Thread: JOIN to a VIEW makes a real slow query

JOIN to a VIEW makes a real slow query

From
"Chuck D."
Date:
Hi folks,

I don't know if this is an SQL or PERFORMANCE list problem but I wanted to
check here first.  I've seen this discussed on the list before but I'm still
not sure of the solution.  Maybe my query is just structured wrong.

I recently visited an old project of mine that has a 'city', 'state,'
and 'country' tables.  The city data comes from multiple sources and totals
about 3 million rows.  I decided to split the city table up based on the
source (world_city, us_city).  This makes easier updating because the
assigned feature id's from the two sources overlap in some cases making it
impossible to update as a single merged table.

However, I decided to create a view to behave like the old 'city' table.  The
view is just a simple:

SELECT [columns]
FROM world_city
UNION
SELECT [columns]
FROM us_city
;

Selecting from the view is very quick, but JOINing to the view is slow.  About
65 seconds to select a city.  It doesn't matter wether it is joined to one
table or 6 like it is in my user_detail query - it is still slow.  It has
indexes on the city_id, state_id, country_id of each table in the view too.
Everything has been 'VACUUM ANALYZE' ed.

When using explain analyze from the view I get this:

cmi=# explain analyze
cmi-# select user_id, username, city_name
cmi-# FROM   m_user AS mu
cmi-# left JOIN geo.city_vw AS ci ON (mu.city_id = ci.city_id)
cmi-# ;
                                                                    QUERY PLAN

--------------------------------------------------------------------------------------------------------------------------------------------------
 Nested Loop Left Join  (cost=650146.58..751018.45 rows=10618 width=55)
(actual time=53078.261..61269.190 rows=1 loops=1)
   Join Filter: ("outer".city_id = "inner"."?column1?")
   ->  Seq Scan on m_user mu  (cost=0.00..1.01 rows=1 width=27) (actual
time=0.010..0.022 rows=1 loops=1)
   ->  Unique  (cost=650146.58..703236.51 rows=2123597 width=62) (actual
time=49458.007..59635.140 rows=2122712 loops=1)
         ->  Sort  (cost=650146.58..655455.58 rows=2123597 width=62) (actual
time=49458.003..55405.965 rows=2122712 loops=1)
               Sort Key: city_id, state_id, country_id, cc1, rc, adm1, lat,
lon, city_name
               ->  Append  (cost=0.00..73741.94 rows=2123597 width=62) (actual
time=18.835..13706.395 rows=2122712 loops=1)
                     ->  Seq Scan on us_city  (cost=0.00..4873.09 rows=169409
width=62) (actual time=18.832..620.553 rows=169398 loops=1)
                     ->  Seq Scan on world_city  (cost=0.00..47632.88
rows=1954188 width=61) (actual time=23.513..11193.341 rows=1953314 loops=1)
 Total runtime: 61455.471 ms
(10 rows)

Time: 61512.377 ms

So, a sequence scan on the tables in the view, won't use the index.

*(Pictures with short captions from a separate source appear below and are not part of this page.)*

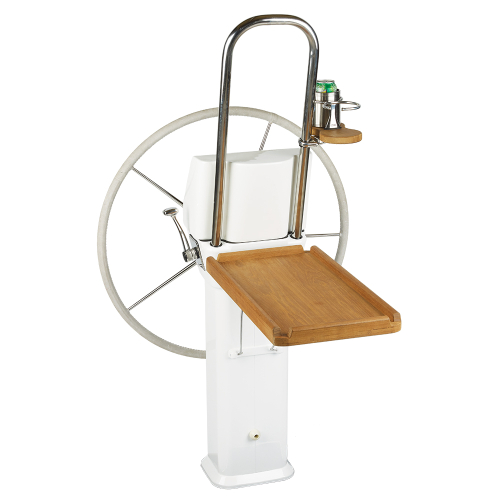Edson Marine - Edson Teak Fold Down Luncheon Table - Edson Vision Series/Console Pedestal
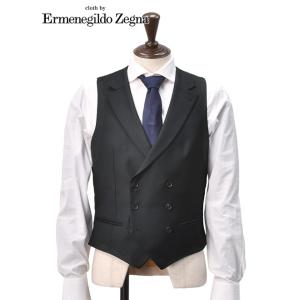 エルメネジルド ゼニア cloth by Ermenegildo Zegna ダブルブレスト 襟付きベスト スペルラティボ 日本製｜deradera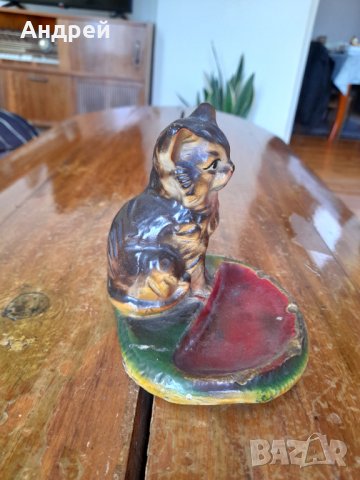 Стар пепелник Коте, снимка 4 - Други ценни предмети - 40227787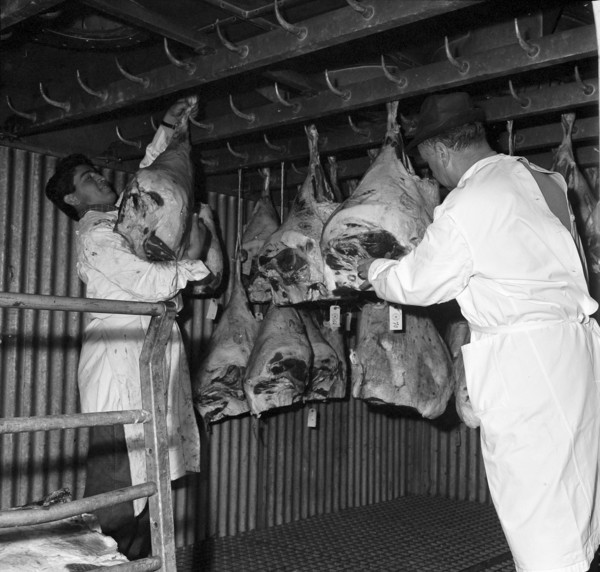 Basel, quality control at Swiss Border, 1966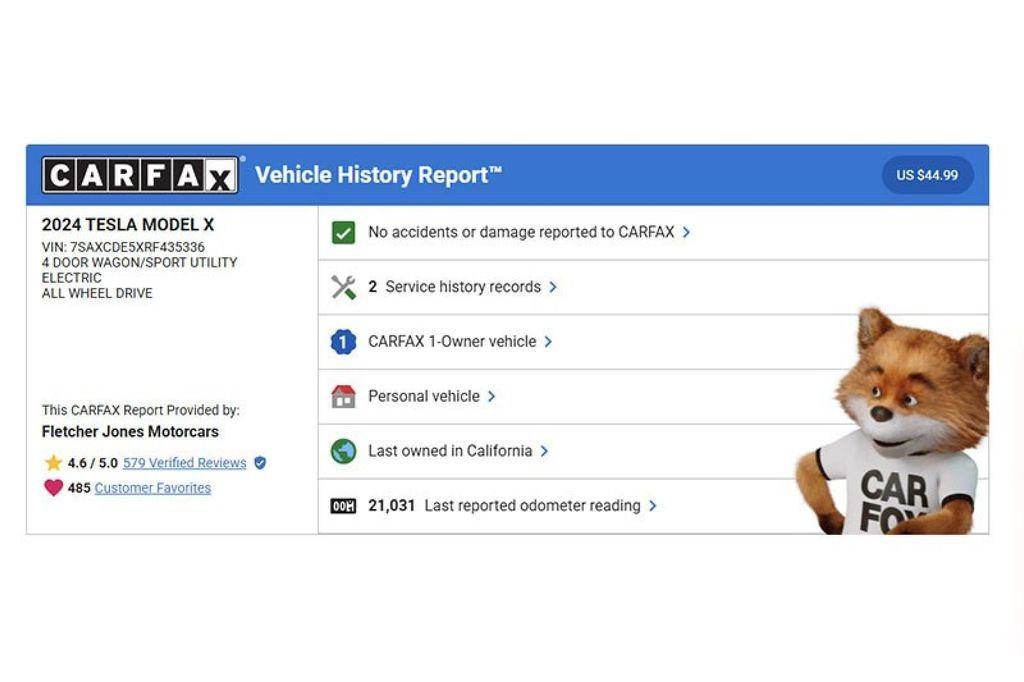 used 2024 Tesla Model X car, priced at $61,894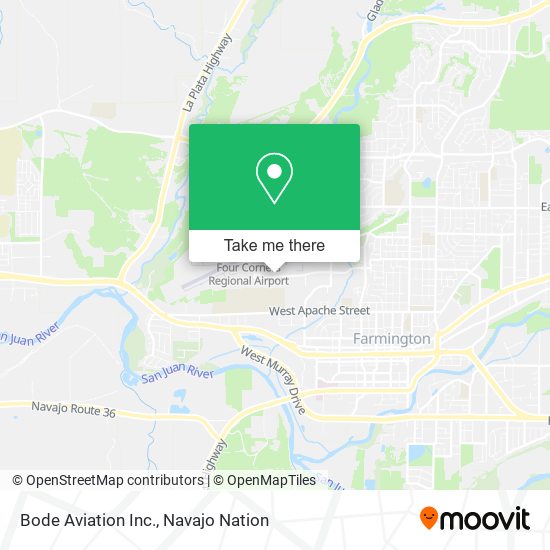 Bode Aviation Inc. map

Then do the same query by replacing the view with the real table:

cmi=# explain analyze
cmi-# select user_id, username, city_name
cmi-# FROM   m_user AS mu
cmi-# left JOIN geo.world_city AS ci ON (mu.city_id = ci.city_id)
cmi-# ;
                                                              QUERY PLAN

--------------------------------------------------------------------------------------------------------------------------------------
 Nested Loop Left Join  (cost=0.00..4.04 rows=1 width=36) (actual
time=53.854..53.871 rows=1 loops=1)
   ->  Seq Scan on m_user mu  (cost=0.00..1.01 rows=1 width=27) (actual
time=0.010..0.016 rows=1 loops=1)
   ->  Index Scan using world_city_pk on world_city ci  (cost=0.00..3.01
rows=1 width=17) (actual time=53.825..53.833 rows=1 loops=1)
         Index Cond: ("outer".city_id = ci.city_id)
 Total runtime: 53.989 ms
(5 rows)

Time: 56.234 ms


I'm not sure that a view on a UNION is the best idea but I don't know how to
go about keeping the tables from the data sources with the view (other than
modifying them with a source_id column).  Any ideas on what is causing the
performance lag?



Re: JOIN to a VIEW makes a real slow query

From
"Merlin Moncure"
Date:
On 2/13/07, Chuck D. <pgsql-performance@nullmx.com> wrote:
> Hi folks,
>
> I don't know if this is an SQL or PERFORMANCE list problem but I wanted to
> check here first.  I've seen this discussed on the list before but I'm still
> not sure of the solution.  Maybe my query is just structured wrong.
>
> I recently visited an old project of mine that has a 'city', 'state,'
> and 'country' tables.  The city data comes from multiple sources and totals
> about 3 million rows.  I decided to split the city table up based on the
> source (world_city, us_city).  This makes easier updating because the
> assigned feature id's from the two sources overlap in some cases making it
> impossible to update as a single merged table.
>
> However, I decided to create a view to behave like the old 'city' table.  The
> view is just a simple:
>
> SELECT [columns]
> FROM world_city
> UNION
> SELECT [columns]
> FROM us_city
> ;
>
> Selecting from the view is very quick, but JOINing to the view is slow.  About
> 65 seconds to select a city.  It doesn't matter wether it is joined to one
> table or 6 like it is in my user_detail query - it is still slow.  It has
> indexes on the city_id, state_id, country_id of each table in the view too.
> Everything has been 'VACUUM ANALYZE' ed.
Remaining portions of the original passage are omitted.